Last week, security researcher Mark Burnett published 10 million passwords in the hopes of furthering the research of making authentication more secure to protect against fraud and unauthorized access. You can read the details of how he did so here, but his intentions have merit when you think about recent big breaches such as Sony, Anthem and JP Morgan. We are at crossroads when it comes to the security of passwords, and it may be time for organizations to consider an upgrade to ensure personal and business critical information is as secure as possible.
The New Standard
The username and password combination has long been the standard for authenticating to computer and web-based systems and networks. But systems that are based solely on passwords are inherently not secure. Modern systems should rely on two-factor authentication, tokens or biometrics, however many of today’s systems authenticate solely on text based passwords which are easy to remember, but also easy to crack and are vulnerable to various dictionary based attacks.
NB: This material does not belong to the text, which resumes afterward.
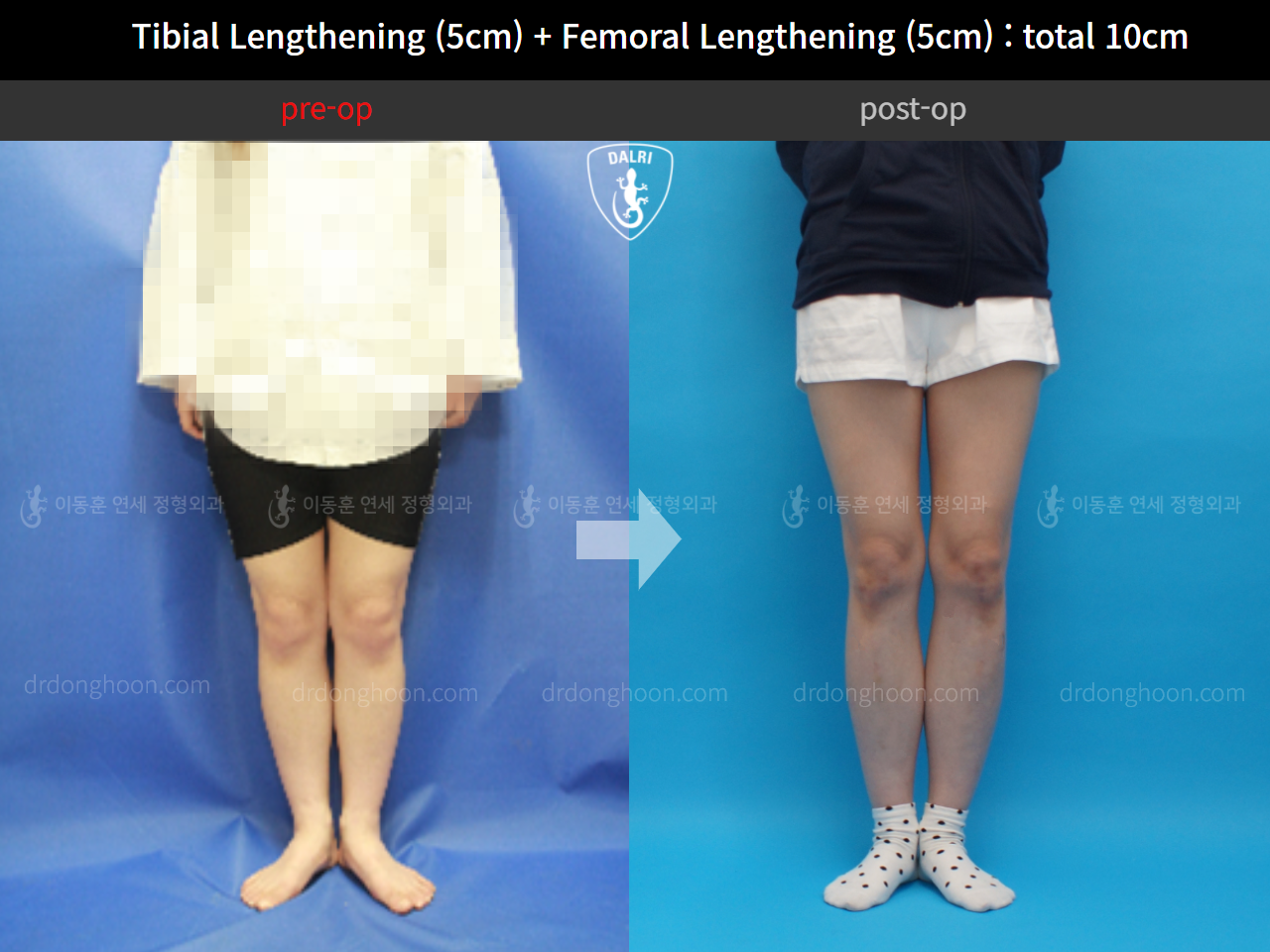 Before and after cll lon, case 11035009, image 3, Dr. Donghoon institute (DALRI)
Many organizations are exploring more secure ways to enforce authentication beyond usernames and passwords such as:
- Multi-factor Authentication – two-factor or multi-factor authentication identifies users by means of the combination of two or more different components typically expressed as something you know (your password), something you have (smartphone or hard token), or something you are (think biometrics).
- Graphic Passwords – graphical passwords work by having the user select from images, in a specific order, presented in a GUI.
- Virtual Tokens – pre-recorded information typically carried on a smartphone. For example, Clef, a new application, logs users in by displaying a temporarily generated, unique image on the phone screen. The user can then simply hold the image up to the computer’s webcam to authenticate.
- Next-generation Biometrics – with the increased adoption of wearable technology, companies and researchers are experimenting with truly novel approaches to identifying us. For example, the Nymi wristband measures your pulse and uses the unique rhythm of your hear to unlock your devices and accounts. Other possibilities include facial recognition using your webcam, typing speed and key strike rhythm on your keyboard, and measures of your gait.
No matter the technology, to replace the username and password duo, the next-generation authentication mechanism will need to be simple and cheap and reasonably understood and trusted by those using it. In addition, new authentication methods must be easy to administer and integrate seamlessly with a wide array of authentication and single sign-on protocols such as OpenID, Kerberos, TACACS+, and SAML. I’m hopeful that Burnett will find some useful data as part of his ongoing research that will signal a change. Because until a better technology is developed and becomes widely accepted, security professionals will be left with few options for stopping today’s cyber criminals, especially once an initial foothold is established within our networks.